Panthea’s Promise



credit:  davidcord.com



A silence in the room drags your corpse, evaporated now,
and mixed with the sand, to my fingertips as gritty smog.
Though a tomb houses bones, the air contains your will.
I will sit, Aurelius, I will sit, wilted before that skeletal house.


When you cut your hair, upon my passing words, notes,
beards having been the shadow of fear and cloaking, you,
fully armored by chest and foot, arms akimbo, wooed me.
A simple heart, won by a penetrated, vulnerable nakedness.


No flattery taken, I am a simple fate, a lover of actions true,
yours, a silent tribute speaking legions in that one cutting.
You bared your face to me, showed me my own eyes’ gaze
mirrored in more than a thousand words piled high may bless.

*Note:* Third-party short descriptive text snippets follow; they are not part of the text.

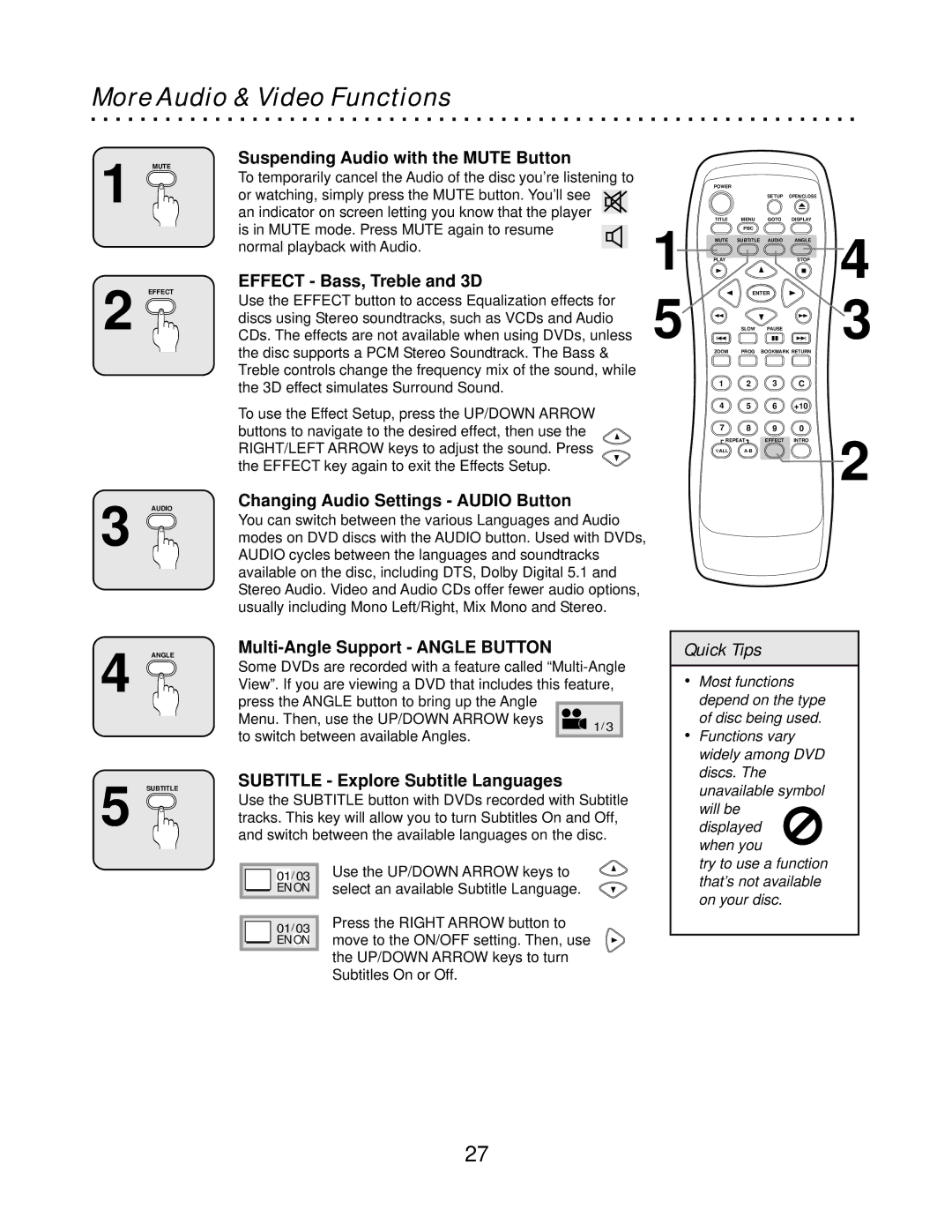 CyberHome Entertainment CH-DVD500 owner manual More Audio & Video Functions 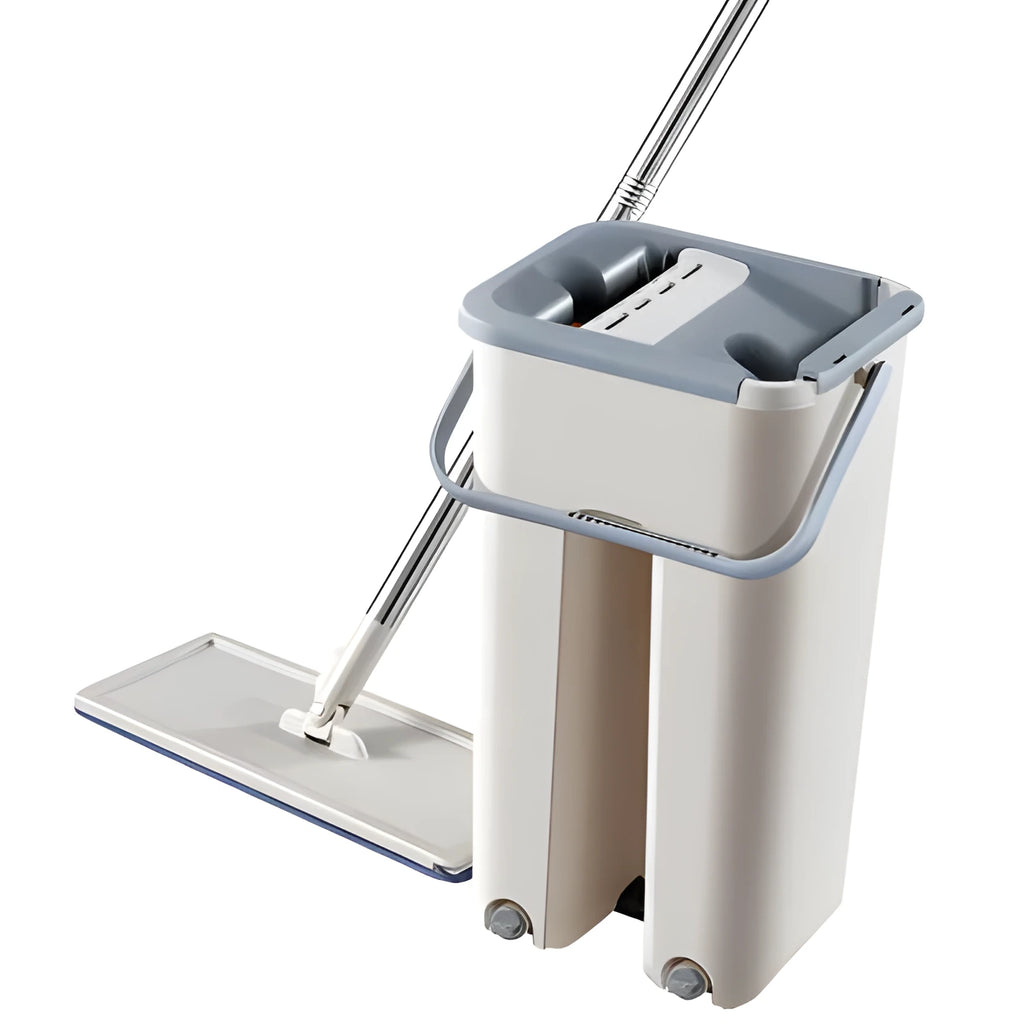 Home kitchen wooden floor lazy mop with 360-degree rotating microfibre flat head and bucket set in blue
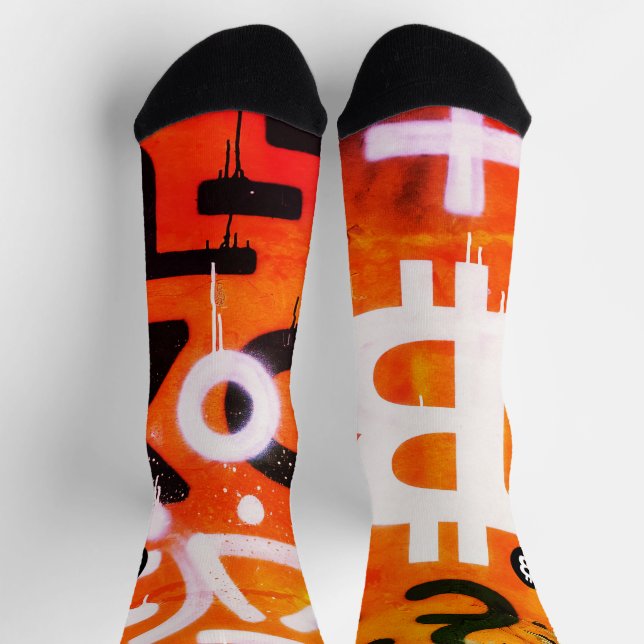 "Bitcoin Graffiti" (Style #6) Street Art Socks (Top)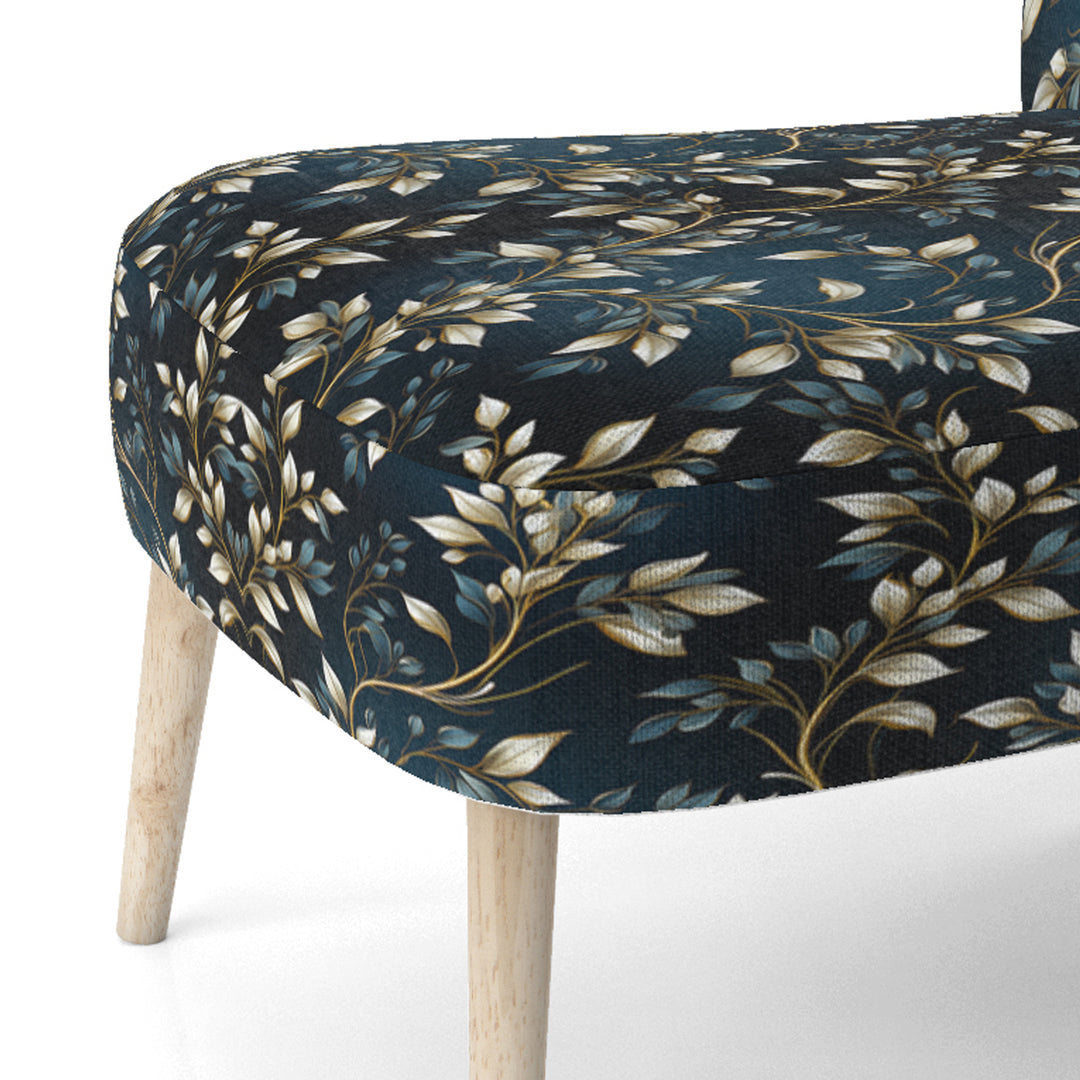 Gold And Blue Royal Botanical Vines - Cottage Accent Side Chair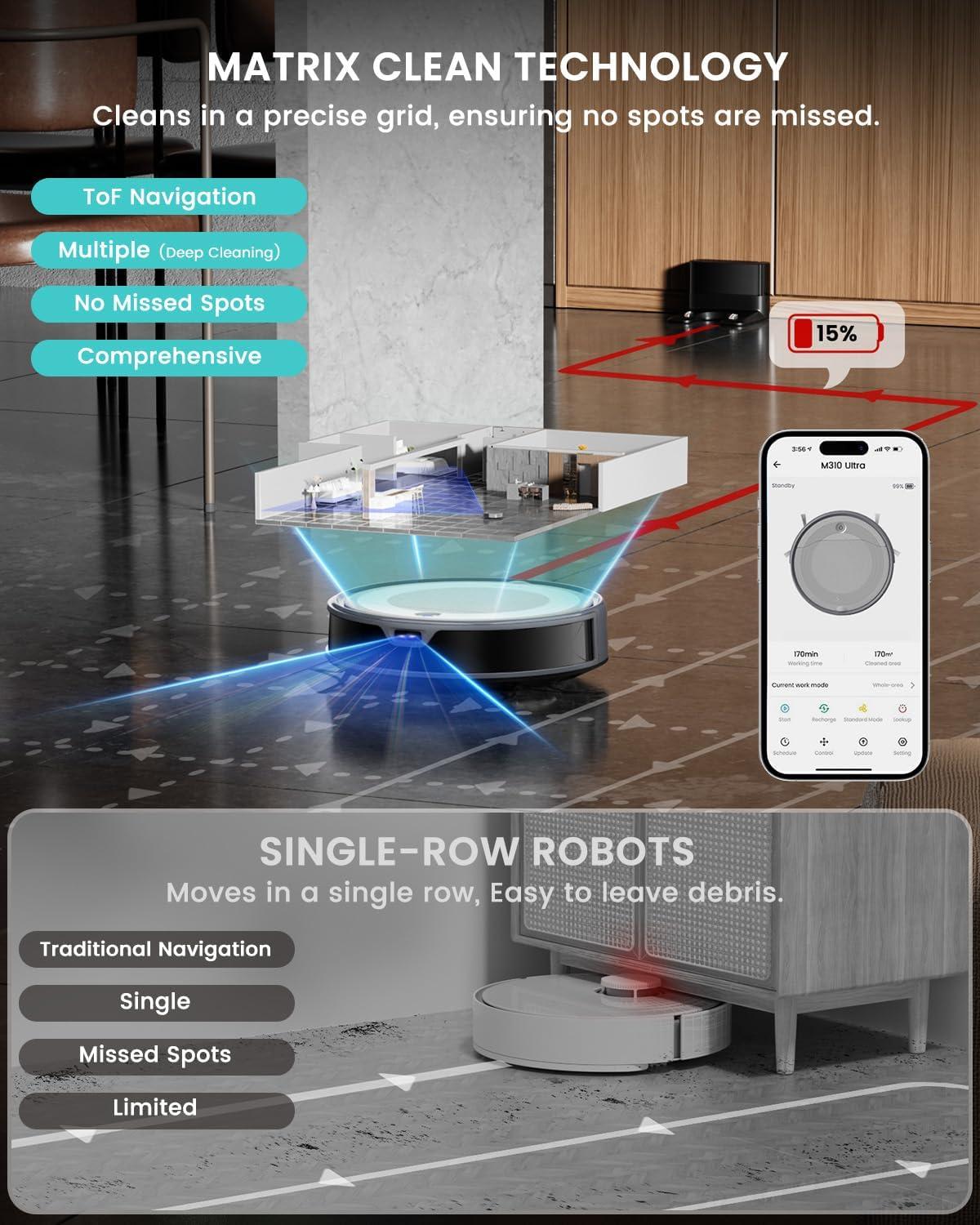 image:imageLefant M310 Ultra Robot Vacuum and Mop 6000Pa SuctionSlim Robotic Cleaner with ToF LiDAR Navigation Accurate Obstacle Avoidance WiFiAppAlexa Control 170min Runtime for Pet Hair and HomeM310 Ultra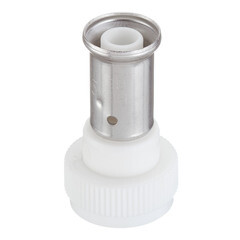 Муфта с накидной гайкой Henco (26PKW-1605) 16(пресс) х 3/4 ВР(г) белая PVDF - фото 1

I will sit, Aurelius, I will sit and wait in the earth, in my recluse,
and silk touch the grapple of his hair stubbled face-memory
blown through to my skin’s reaching, yearning whispered sigh.
I will sit, Lucius, lying by, bathed in sun-dried leaves’ caress.


Married though you be, Aurelius by your side provoking state,
a heart, at Smyrna you shaved for me, seeking limbic highs,
is never buried unceasingly beaten, trampled in dusty smoke.
I will sit, Lucius, as I do and be the pulsing-pure love’s undress.